This is the danger of having and empowered laity. Living into my ordination is to make this danger real, to name all meals that are shared together as Eucharistic events, Agape Meals, in which we proclaim the unconditional welcome and acceptance of God. The early church knew itself as being engaged in the making of families, where women, men, children, slaves and foreigners by their faith belonged to each other in a new type of family.The equality that society could not share the church lived. In our own world where so many must eat alone due to poverty, illness, war, drug abuse, addiction and relationship disconnection, where so many are rendered unequal the task of the Priesthood of Believers is kick doors open and name the overlooked holy spaces of our world. Not only do we make meals holy we also name all places where people gather as holy, we enact Mercy and Pastoral Care with each other and we proclaim the Word-As-Event in bible study and public witness. We are able to engage in what Gustavo Guttierreze calls the ‘sacrament of the neighbor’ and what I call the ‘sacrament of the ordinary’ – we are called to participate in the ordinariness of the world and name it as holy, as places of grace and real presence.

I am grateful for those people who choose to have their ministries restricted by official ordination, but to be honest I do not fully understand it. To be a member of the Priesthood of the Believer is to celebrate sacrament while the priest who is officially ordained can only enact a reminder, a symbol, a summary of what has happened during the week. There is power in that symbol and there is a mighty strength in it but it is nothing compared to what the true Priesthood is able to do.

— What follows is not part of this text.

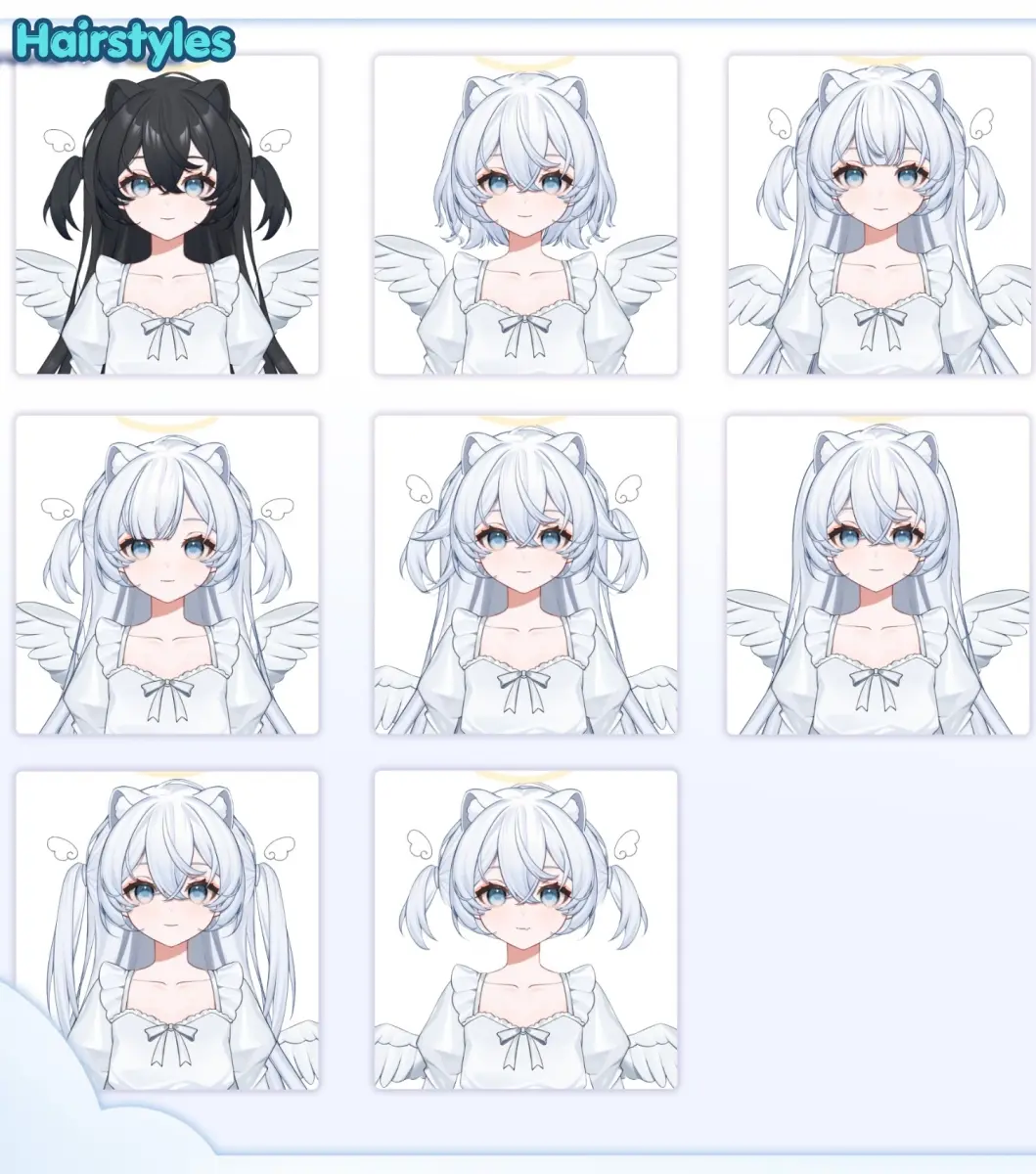 Live2D VTuber Model Angel Devil Avatar for VTube Studio Anime Character Customizable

In the future I hope this Empowered Laity will take up the call of Priesthood wherever they will be. I hope we will always welcome people to our tables, will engage in acts of mercy and justice. We are too dependent on those people whose roles are limited by official ordination. It is not up to Bishops, Congregations and Synods (or what have you) to engage in ministry. It is the task of the Priesthood of The Believer to live into their ordinations and to work as priests in the world. I am hopeful that we will see more small groups, house churches and worship parties as well as Priesthood Teams who will take on the roles of Pastoral Care, Preaching and Ministry. I hope we will see the rise of the Agape Meal in both public worship and private use as a true sacrament that belongs to the Ordained Believer.

If we face with honesty the fact that the church is dying and numbers are shrinking then we must also recognize that the role and function of the church is also changing. I am hopeful that the true ordained, the Ordinary Believer, will recognize this for the incredible possibility it is and the ways in which it contains the future of the church. We cannot let the fears of the Officially Ordained and the institution of the church get in the way of us naming the gift of our faith and acting it out in the world. It is up to the Priesthood of the Believer to not save the church but to find new ways of being church, to recognize that no matter the size of the church or its financial situation the call of Christ and the Holy Spirit must go on even if that means redefining what the gift of the church is in the world. It is up to the priests who sit in the pews to make this happen.

Jason Derr, POTB (Priesthood Of The Believer).